La distinzione della società dalle figure affini deve prendere le mosse dalla distinzione fra società e comunione. Tale distinzione sembra intuitiva:

  • nella comunione c’è un semplice rapporto condominio, una mera contitolarità di beni, che corrisponde ad un semplice godimento avente per oggetto la percezione di utilità prodotte direttamente o indirettamente da un bene.
  • nella società c’è un contratto per l’esercizio di un’attività economica, sia pure a mezzo di beni comuni, che corrisponde ad un guadagno e che ha una funzione creatrice di nuove utilità.

 Tale distinzione, tuttavia, appare meno semplice a proposito delle cose produttive, il cui godimento suppone l’esercizio di un’attività. Si noti che distinguere la comunione dalla società comporta conseguenze estremamente gravi perché, solo per fare un esempio, la quota di comproprietà si trasferisce agli eredi, mentre quella sociale no.

L’art. 2248 dice che non è società la comunione costituita o mantenuta al solo scopo del godimento di uno o più beni, di conseguenza per aversi società occorre che si manifesti la volontà delle parti, che si qualifichi il rapporto come società oppure che si ponga l’accento del rapporto sull’esercizio piuttosto che sull’attività produttiva.

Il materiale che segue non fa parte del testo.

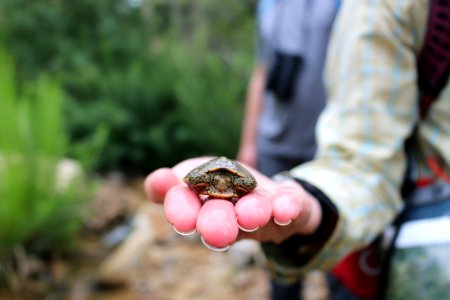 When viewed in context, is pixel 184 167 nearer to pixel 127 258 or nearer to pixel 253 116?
pixel 253 116

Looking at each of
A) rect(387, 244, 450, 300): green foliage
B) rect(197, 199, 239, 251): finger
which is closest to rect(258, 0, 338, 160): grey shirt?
rect(387, 244, 450, 300): green foliage

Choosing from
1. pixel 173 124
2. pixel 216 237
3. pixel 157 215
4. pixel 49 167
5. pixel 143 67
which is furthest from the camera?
pixel 143 67

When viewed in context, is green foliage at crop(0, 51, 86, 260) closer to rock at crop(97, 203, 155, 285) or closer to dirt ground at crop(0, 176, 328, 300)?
dirt ground at crop(0, 176, 328, 300)

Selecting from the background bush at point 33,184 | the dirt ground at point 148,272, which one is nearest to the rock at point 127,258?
the dirt ground at point 148,272

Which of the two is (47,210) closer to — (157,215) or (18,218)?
(18,218)

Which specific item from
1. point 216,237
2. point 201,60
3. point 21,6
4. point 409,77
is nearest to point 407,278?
point 409,77

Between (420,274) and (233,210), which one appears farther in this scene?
(420,274)

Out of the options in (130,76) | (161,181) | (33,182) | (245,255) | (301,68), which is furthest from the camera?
(130,76)

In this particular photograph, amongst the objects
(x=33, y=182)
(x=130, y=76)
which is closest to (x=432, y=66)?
(x=33, y=182) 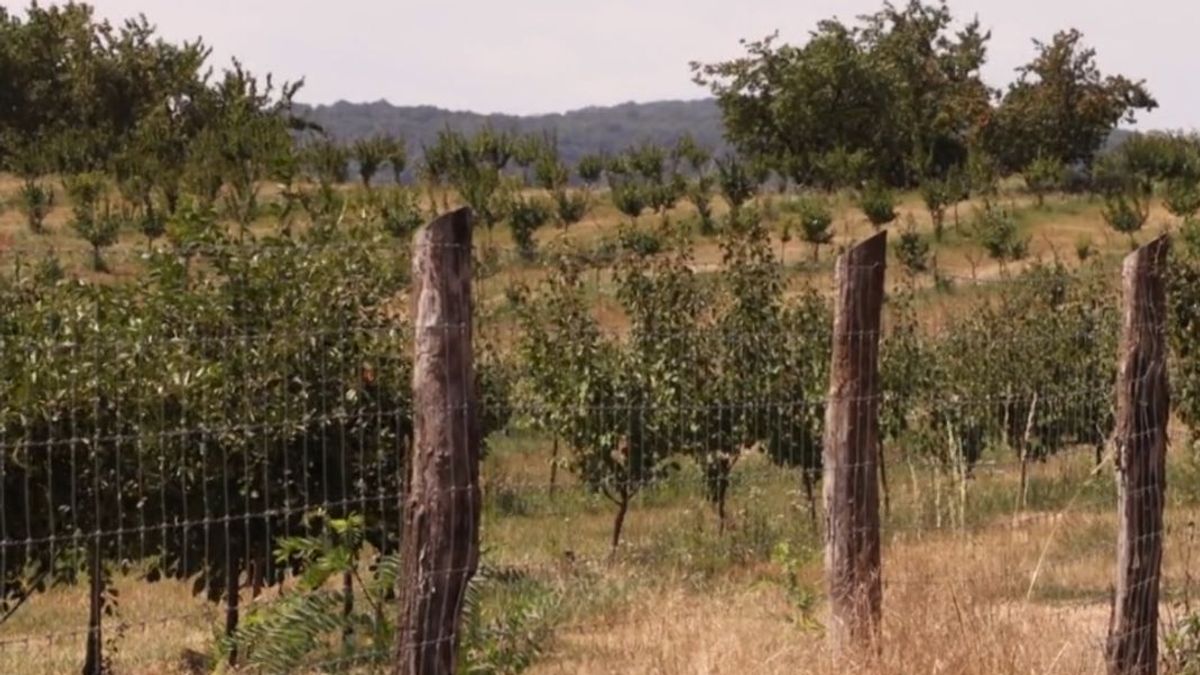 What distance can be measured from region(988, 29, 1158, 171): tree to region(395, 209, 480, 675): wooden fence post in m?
55.8

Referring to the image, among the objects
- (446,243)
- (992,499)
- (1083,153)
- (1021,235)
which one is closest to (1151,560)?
(446,243)

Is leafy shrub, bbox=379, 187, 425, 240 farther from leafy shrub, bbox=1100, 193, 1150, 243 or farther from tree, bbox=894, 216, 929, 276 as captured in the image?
leafy shrub, bbox=1100, 193, 1150, 243

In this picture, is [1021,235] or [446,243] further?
[1021,235]

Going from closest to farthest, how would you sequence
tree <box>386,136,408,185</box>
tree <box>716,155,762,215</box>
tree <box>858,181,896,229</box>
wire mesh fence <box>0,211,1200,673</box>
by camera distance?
wire mesh fence <box>0,211,1200,673</box>, tree <box>858,181,896,229</box>, tree <box>716,155,762,215</box>, tree <box>386,136,408,185</box>

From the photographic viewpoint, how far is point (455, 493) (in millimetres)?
4953

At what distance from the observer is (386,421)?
9.27 m

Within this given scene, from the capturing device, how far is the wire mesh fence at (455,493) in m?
5.69

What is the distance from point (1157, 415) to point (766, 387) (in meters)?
9.00

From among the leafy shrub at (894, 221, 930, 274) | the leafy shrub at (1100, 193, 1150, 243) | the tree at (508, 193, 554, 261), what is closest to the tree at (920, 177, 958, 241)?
the leafy shrub at (894, 221, 930, 274)

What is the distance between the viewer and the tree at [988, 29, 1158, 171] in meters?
59.0

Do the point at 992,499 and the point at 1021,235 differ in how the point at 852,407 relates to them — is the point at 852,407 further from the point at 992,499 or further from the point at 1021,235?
the point at 1021,235

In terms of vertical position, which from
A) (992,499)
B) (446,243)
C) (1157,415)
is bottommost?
(992,499)

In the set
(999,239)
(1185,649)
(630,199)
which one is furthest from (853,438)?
(630,199)

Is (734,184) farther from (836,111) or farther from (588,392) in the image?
(588,392) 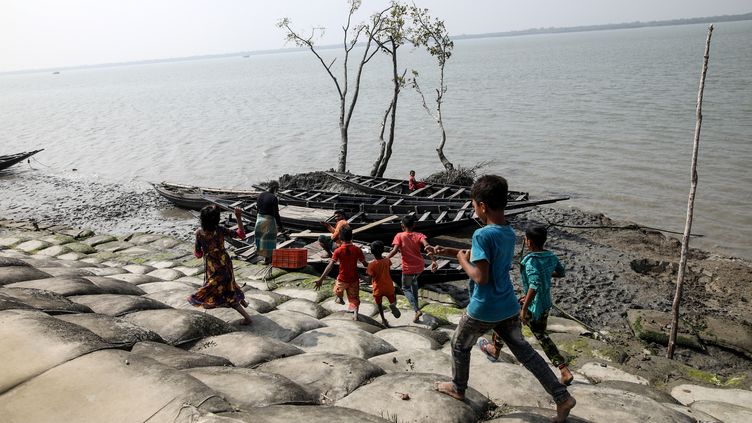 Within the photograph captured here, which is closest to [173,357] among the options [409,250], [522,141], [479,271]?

Al contrario, non sussistono dubbi nell’ipotesi dell’esercizio in comune di un’impresa commerciale (es. eredi di un’azienda). In questo caso l’attività relativa all’azienda ha valore ben diverso: l’attività non è in funzione dell’azienda, ma è l’azienda ad essere in funzione dell’attività. Essenziale al concetto di società, quindi, è l’esercizio in comune dell’attività economica, non il modo come si svolge. In sintesi, non diciamo che non possa darsi comunione di azienda commerciale, bensì che l’esercizio in comune di un’azienda commerciale, cioè un’impresa commerciale comune, è necessariamente azienda.